Keep up the good work, Cam. I eagerly look forward to seeing what you'll have for me to post when I'm sick in 2019!
Georgia Tech came to Athens and lost for the first time since 2012. They lost badly, too. Through the first three quarters, Tech managed to score only on a punt return. After UGA pulled the starters, final score was Georgia Tech 21, UGA 45.
The game was essentially over when Georgia scored their first touchdown on their opening possession. I didn't see that, however. I hadn't yet reached my seat because my companion, Friend Ken, was 30 minutes late to the carpool. But he did buy me a pretzel in the third quarter, so I'm not inclined to hold too much of a grudge. (Unless I catch his cold. If I catch his cold, yeah, grudge back on.)
By the way, I would be remiss to mention that at halftime, the Georgia Tech band came out on the field and played a tribute to Aretha Franklin. Then the Georgia band followed with... a tribute to Aretha Franklin. R.E.S.P.E.C.T. indeed.
UGA finishes the regular season 11-1 (7-0 at home). I saw 5 of the 7 home games, and none of them were very competitive. Was that worth the increased ticket price? Maybe. Will I renew my tickets again next year? Maybe. It probably depends on how much they jack up the prices this off-season. We'll see what we see after the SEC Championship game.
What else is there to say about a game that UGA won, 66-27?
For one thing, it looked like the team was enjoying themselves. It sure felt like *everybody* got a touchdown.
And UMass scored on a 1 second drive to end the third quarter. That was impressive.
And in honor of Veterans Day, the band played songs for all branches of the armed forces at halftime (pictured above).
And Nick Chubb and Sony Michel were in the house. Each received a standing ovation when introduced.
And, boy, did I enjoy my Coca-Cola and pretzel. Delicious!
Also of note: This was Friend Mike's second UGA game. He has now attended more UGA games than Alabama games. That's a good thing.
Now bring on Georgia Tech.
I woke up to a text from Friend Ken who needed advice regarding his broken range top. "Boy, am I glad I don't have his problems," I thought to myself.
And then my kitchen sink broke.
Somehow, the nut holding the pipe on the strainer basket in the left basin had become completely stripped. As a result, the pipe slid sideways, and the dishwater, instead of draining away to the septic tank, drained into the cabinet.
Mom and I debated calling a plumber, but we ultimately agreed that replacing a sink basket is no big deal. I should be able to handle that repair easily. Unless the locknut nut is rusted in place. Which, of course, this was. Enter the hacksaw! In a tiny cramped space! On my back!
Two hours, one trip to Home Depot, and $17 later, the sink was back together and successfully holding its water. That's when I noticed that the pipe in the right basin had a cracked nut that was also leaking. Grr. Fortunately, I had the replacement parts leftover from a previous repair to the basement sink. So another hour later (in a tiny cramped space, on my back), both sides of the sink were good as new! Almost.

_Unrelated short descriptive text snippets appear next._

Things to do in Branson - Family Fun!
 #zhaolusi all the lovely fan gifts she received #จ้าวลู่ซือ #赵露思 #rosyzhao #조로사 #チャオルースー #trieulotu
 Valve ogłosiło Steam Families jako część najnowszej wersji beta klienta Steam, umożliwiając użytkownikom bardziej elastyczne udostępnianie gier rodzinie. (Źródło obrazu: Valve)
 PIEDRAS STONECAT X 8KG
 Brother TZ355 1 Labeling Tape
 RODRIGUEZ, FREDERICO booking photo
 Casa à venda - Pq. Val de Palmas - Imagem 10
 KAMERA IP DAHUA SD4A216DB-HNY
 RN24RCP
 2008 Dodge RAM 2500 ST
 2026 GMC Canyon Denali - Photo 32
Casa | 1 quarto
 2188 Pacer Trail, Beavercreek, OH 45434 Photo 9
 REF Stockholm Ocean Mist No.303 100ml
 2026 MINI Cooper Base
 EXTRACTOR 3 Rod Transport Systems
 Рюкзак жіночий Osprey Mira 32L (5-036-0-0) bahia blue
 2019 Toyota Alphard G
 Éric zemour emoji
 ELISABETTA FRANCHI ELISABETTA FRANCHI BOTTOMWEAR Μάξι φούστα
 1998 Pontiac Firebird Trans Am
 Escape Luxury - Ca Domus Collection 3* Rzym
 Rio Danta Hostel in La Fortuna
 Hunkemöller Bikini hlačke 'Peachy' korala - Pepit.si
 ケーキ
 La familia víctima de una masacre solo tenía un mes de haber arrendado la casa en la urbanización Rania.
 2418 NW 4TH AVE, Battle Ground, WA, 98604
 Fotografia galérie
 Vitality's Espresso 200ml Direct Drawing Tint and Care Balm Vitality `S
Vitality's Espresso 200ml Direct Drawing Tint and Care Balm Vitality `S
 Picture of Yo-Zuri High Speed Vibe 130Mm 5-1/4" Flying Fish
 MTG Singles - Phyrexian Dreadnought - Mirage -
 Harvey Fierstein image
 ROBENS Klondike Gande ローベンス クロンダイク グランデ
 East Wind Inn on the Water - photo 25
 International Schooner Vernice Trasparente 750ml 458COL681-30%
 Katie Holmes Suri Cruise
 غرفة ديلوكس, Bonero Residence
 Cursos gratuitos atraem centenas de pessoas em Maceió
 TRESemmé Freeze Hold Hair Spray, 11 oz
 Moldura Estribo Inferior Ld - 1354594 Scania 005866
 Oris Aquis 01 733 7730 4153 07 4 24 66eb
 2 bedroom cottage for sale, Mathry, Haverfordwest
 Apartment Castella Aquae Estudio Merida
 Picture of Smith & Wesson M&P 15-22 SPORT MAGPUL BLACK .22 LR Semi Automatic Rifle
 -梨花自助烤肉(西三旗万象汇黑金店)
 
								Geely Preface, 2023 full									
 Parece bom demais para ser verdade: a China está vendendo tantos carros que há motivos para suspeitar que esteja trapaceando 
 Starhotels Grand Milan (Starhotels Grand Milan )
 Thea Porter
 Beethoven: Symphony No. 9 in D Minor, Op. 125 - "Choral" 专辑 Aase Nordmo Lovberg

On reinspection, the left basin was leaking again. Thinking it must be because I had used too small a bead of plumbers putty, I unscrewed everything again. That's when I noticed that while reassembling the parts last time, I had accidentally placed the high-tech piece of cardboard (meant to reduce friction between locknut and gasket) above the rubber gasket instead of below it. It turns out that cardboard is terrible at holding water. Who knew?
Maybe I *should* have called a plumber.
Anyway, everything is working as it is supposed to again. So take that, Ken! The ball is back in your court, buddy.